Alevinin ilkesel duruşu

Hakk inancına tabi, hakikat yolunun yolcusuyuz. İlke ve değerlerimiz var. Bu ilkeler ve değerler ile hayata karşı bir duruşun sahibiyiz. Yaşamımızı bu ilkelerin ışığında şekillendirmeye çaba gösteriyoruz. Yaşadığımız çağda yani hakikatin bir çok yönüyle toz altında kaldığı, ilke ve değerlerin önemini yitirdiği, varoluşun anlamının bulanıklaştığı bu çağda; bütün yetmezliklerimize karşın ilkesel bir duruşun sahibi olmak

REMZİ KAPTAN 07 Nisan 2022 YAZARLAR

Hakk inancına tabi, hakikat yolunun yolcusuyuz. İlke ve değerlerimiz var. Bu ilkeler ve değerler ile hayata karşı bir duruşun sahibiyiz.

Yaşamımızı bu ilkelerin ışığında şekillendirmeye çaba gösteriyoruz.

Yaşadığımız çağda yani hakikatin bir çok yönüyle toz altında kaldığı, ilke ve değerlerin önemini yitirdiği, varoluşun anlamının bulanıklaştığı bu çağda; bütün yetmezliklerimize karşın ilkesel bir duruşun sahibi olmak anlamlıdır, değerlidir.

Hakikate talip olmak, hakikat arayışcısı olmak her çağda zordu fakat çağımızda bu zorluklar daha bir artmıştır.

Bu anlamıyla ilke ve değerlerden taviz vermeden hakikatin arayışcısı olmak daha bir önem ve değer kazanmıştır.

Yaşadığımız yenilgilere, zorluklara, çıkmaz ve sorunlara birazda bu bakış açısıyla yaklaşmak gerekiyor.

Bu noktada esas olanı göz ardı etmemek ve bu esastan çıkarak çözüm yolları aramak gerekiyor.

Esas olan; her ne pahasına olursa olsun inancımızdan, değerlerimizden taviz vermedik.
Yine karınca kararınca inancımızın insanlık var olduğu sürece yaşaması, toplumumuzun hayatın her alanında diğer toplumlar gibi olması için çalışıp çabalıyoruz.

Hayal ettiğimiz, istediğimiz noktanın çok çok gerisindeyiz.

Sebebi ne olursa olsun, yani bizden ve ya dışımızda gelişen nedenlerden dolayı da olsa gerçeğimiz budur.

İstediğimiz noktanın gerisindeyiz.

Fakat diğer yandan Alevi olmanın ilkesel duruşundan bir adım dahi taviz vermedik.

Yine hizmet etme noktasında bir an dahi tereddüt etmedik.
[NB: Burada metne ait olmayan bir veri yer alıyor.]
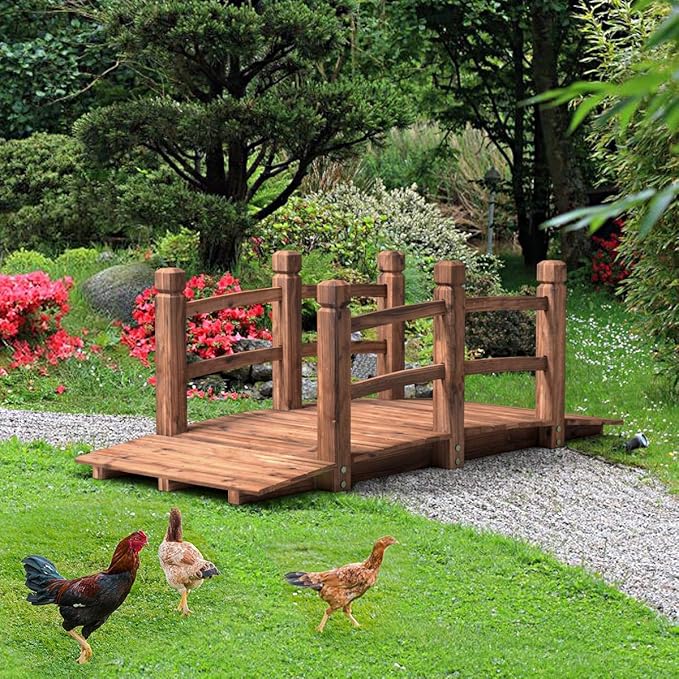 HAPPYGRILL Wooden Garden Bridge, Stained Finish Decorative Pond Bridge, Garden Bridges for Outdoors Yard 5FT
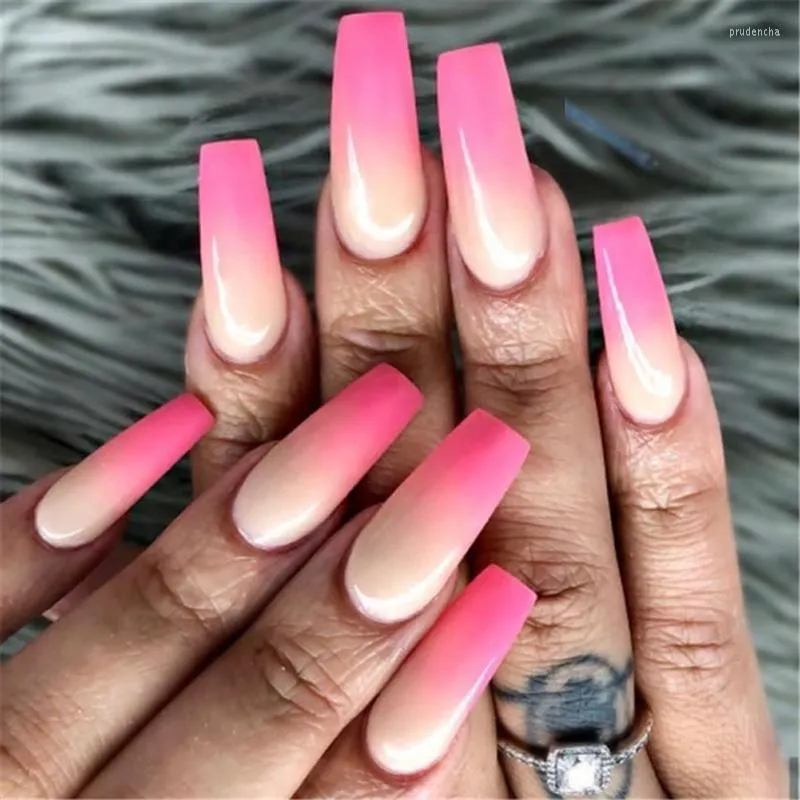 False Nails 20 PCS/Set Gradient Fake Long Ballet Press On Nail Colorful Tips T Shape Coffin Diy Decoration Prud22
Başkalarına bakıp yolumuzu bırakma, inancımıza şüphe duyma, topluma sırt çevirmek gibi yanlışlıklara düşmedik. Budur esas olan.

Diğer yandan bahane ve gerekçelerin arkasına saklanmayacak kadar bilince ve eleştiri gücüne sahibiz.
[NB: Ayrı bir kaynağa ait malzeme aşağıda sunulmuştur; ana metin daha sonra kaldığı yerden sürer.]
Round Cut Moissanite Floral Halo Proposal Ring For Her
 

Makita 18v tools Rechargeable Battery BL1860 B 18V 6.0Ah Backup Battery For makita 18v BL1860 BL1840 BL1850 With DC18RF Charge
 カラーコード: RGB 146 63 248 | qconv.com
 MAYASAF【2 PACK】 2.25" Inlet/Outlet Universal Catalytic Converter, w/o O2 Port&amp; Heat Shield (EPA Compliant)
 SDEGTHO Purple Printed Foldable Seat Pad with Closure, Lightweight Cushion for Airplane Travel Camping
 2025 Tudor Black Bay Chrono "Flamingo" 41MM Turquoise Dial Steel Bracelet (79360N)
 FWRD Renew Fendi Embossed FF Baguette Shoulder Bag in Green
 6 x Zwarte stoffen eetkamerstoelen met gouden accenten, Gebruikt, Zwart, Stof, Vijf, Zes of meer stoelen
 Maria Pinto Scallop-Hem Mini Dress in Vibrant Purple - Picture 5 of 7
Tarihten günümüze her zaman için nahak olan zalimlerin zulmüne uğramış mazlum bir toplumun fertleri olarak pes etmeden, gerekçelerin ve çaresizliklerin arkasına saklanmadan yolumuzu sürmeye, toplumumuza hizmet etmeye, toplumumuzun şahsında cümle insanlığa güzellikler katmaya devam edeceğiz.

Bu yolu sürdükçe, bu hizmette var olmaya devam ettikçe daha çok yenilgilerimiz, başarısızlıklarımız, zorluklarımız olacaktır.

Bütün bunların bilincinde olarak ilkelerimizden, değerlerimizden ve bunların şekillendirdiği duruşumuzdan taviz vermediğimiz sürece eninde sonunda mutlaka toplumsal olarak istediğimiz noktaya geliriz.

Yaşamın bizle başlayıp bizle bitmediğinin farkında olanlar olarak bizler elimizden geleni yapacağız.

Ehlibeyte bende olmanın inancı, Şah-ı Merdan’a bağlı olmanın gururuyla yiğitçe yaşayıp mertçe öleceğiz.